Abort injection (faultInjectionPolicy) Responds directly to a fraction of requests with user-defined HTTP status codes instead of forwarding those requests to the backend service.
Security policies (corsPolicy) Cross-origin resource sharing (CORS) policies handle settings for enforcing CORS requests.

You can specify one of the following route actions:

  • Route traffic to a single service (service).
  • Split traffic between multiple services (weightedBackendServices weight:x, where x must be from 0 to 1000).
  • Redirect URLs (urlRedirect).

In addition, you can combine any one of the previously mentioned route actions with one or more of the following route actions:

  • Mirror traffic (requestMirrorPolicy).
  • Rewrite URL host and path (urlRewrite).
  • Retry failed requests (retryPolicy).
  • Set timeout (timeout).
  • Introduce faults to a percentage of the traffic (faultInjectionPolicy).
  • Add CORS policy (corsPolicy).
  • Manipulate request or response headers (headerAction).
For more information about the configuration and semantics of route actions, see the following in the global URL map API documentation.
  • urlRedirect
  • urlRewrite
  • headerAction
  • requestMirrorPolicy
  • weightedBackendServices
  • retryPolicy
  • timeout
  • faultInjectionPolicy
  • corsPolicy

HTTP-to-HTTPS redirects

If you need to redirect HTTP traffic to HTTPS, you can create two forwarding rules with a common IP address.

For a complete example, see Set up HTTP-to-HTTPS redirect for global external Application Load Balancers.

Traffic policies

By using backend service resources, you can configure traffic policies to fine-tune load balancing within an instance group or network endpoint group (NEG). These policies only take effect after a backend service has been selected by using your URL map (as described previously).

Traffic policies enable you to:

  • Control the load balancing algorithm among instances within the backend service.
  • Control the volume of connections to an upstream service.
  • Control the eviction of unhealthy hosts from a backend service.
The following traffic policy features are configured in the global backend service.

Traffic policy (API field name) Description
Load balancing locality policy (LocalityLbPolicy)

For a backend service or bucket, traffic distribution is based on a load balancing mode and a load balancing locality policy.

The balancing mode determines the fraction of traffic that should be sent to each backend (bucket, instance group, or GCE_VM_IP_PORT NEG).
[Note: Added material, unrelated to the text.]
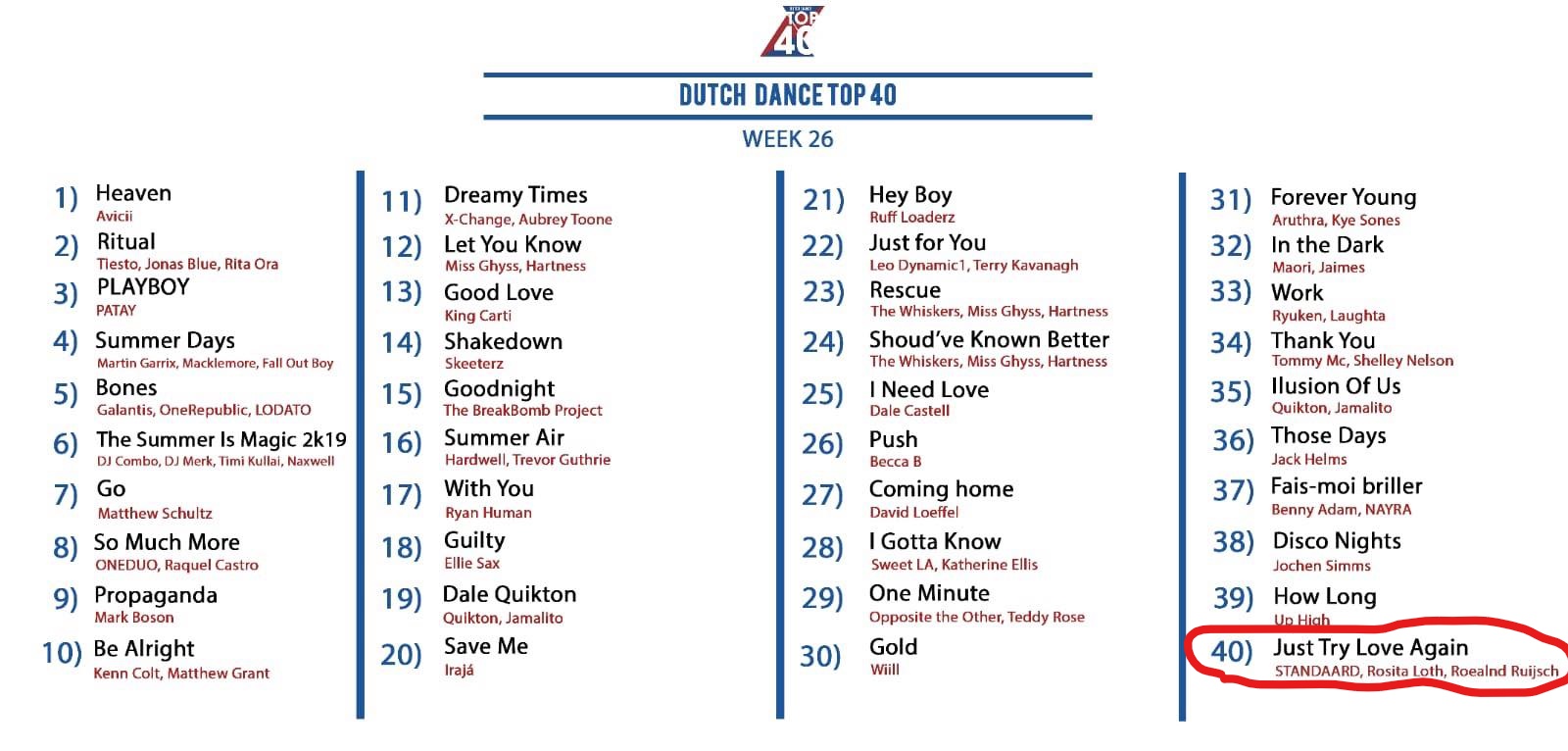 Us Top Chart 40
The load balancing policy (LocalityLbPolicy) determines how backends within the zone or in the group are load balanced. When a backend service receives traffic, it first directs traffic to a backend (bucket, instance group, or GCE_VM_IP_PORT NEG) according to the backend's balancing mode. After a backend is selected, traffic is then distributed among instances or endpoints within each zone according to the locality policy. For regional managed instance groups, the locality policy applies to each constituent zone.

For the balancing modes supported, see Balancing mode.

For the load balancing policy algorithms supported, see localityLbPolicy in the global backend service API documentation.

Session affinity (consistentHash)

Includes HTTP cookie-based affinity, HTTP header-based affinity, client IP address affinity, and generated cookie affinity. Session affinity provides a best-effort attempt to send requests from a particular client to the same backend for as long as the backend is healthy and has capacity.

Session affinity settings are fulfilled only if the load balancing locality policy is set to RING_HASH or MAGLEV.

For more information about session affinity, see consistentHash in the global backend service API documentation.

Outlier detection (outlierDetection)

A set of policies that specify the criteria for eviction of unhealthy backend VMs or endpoints in NEGs, along with criteria defining when a backend or endpoint is considered healthy enough to receive traffic again.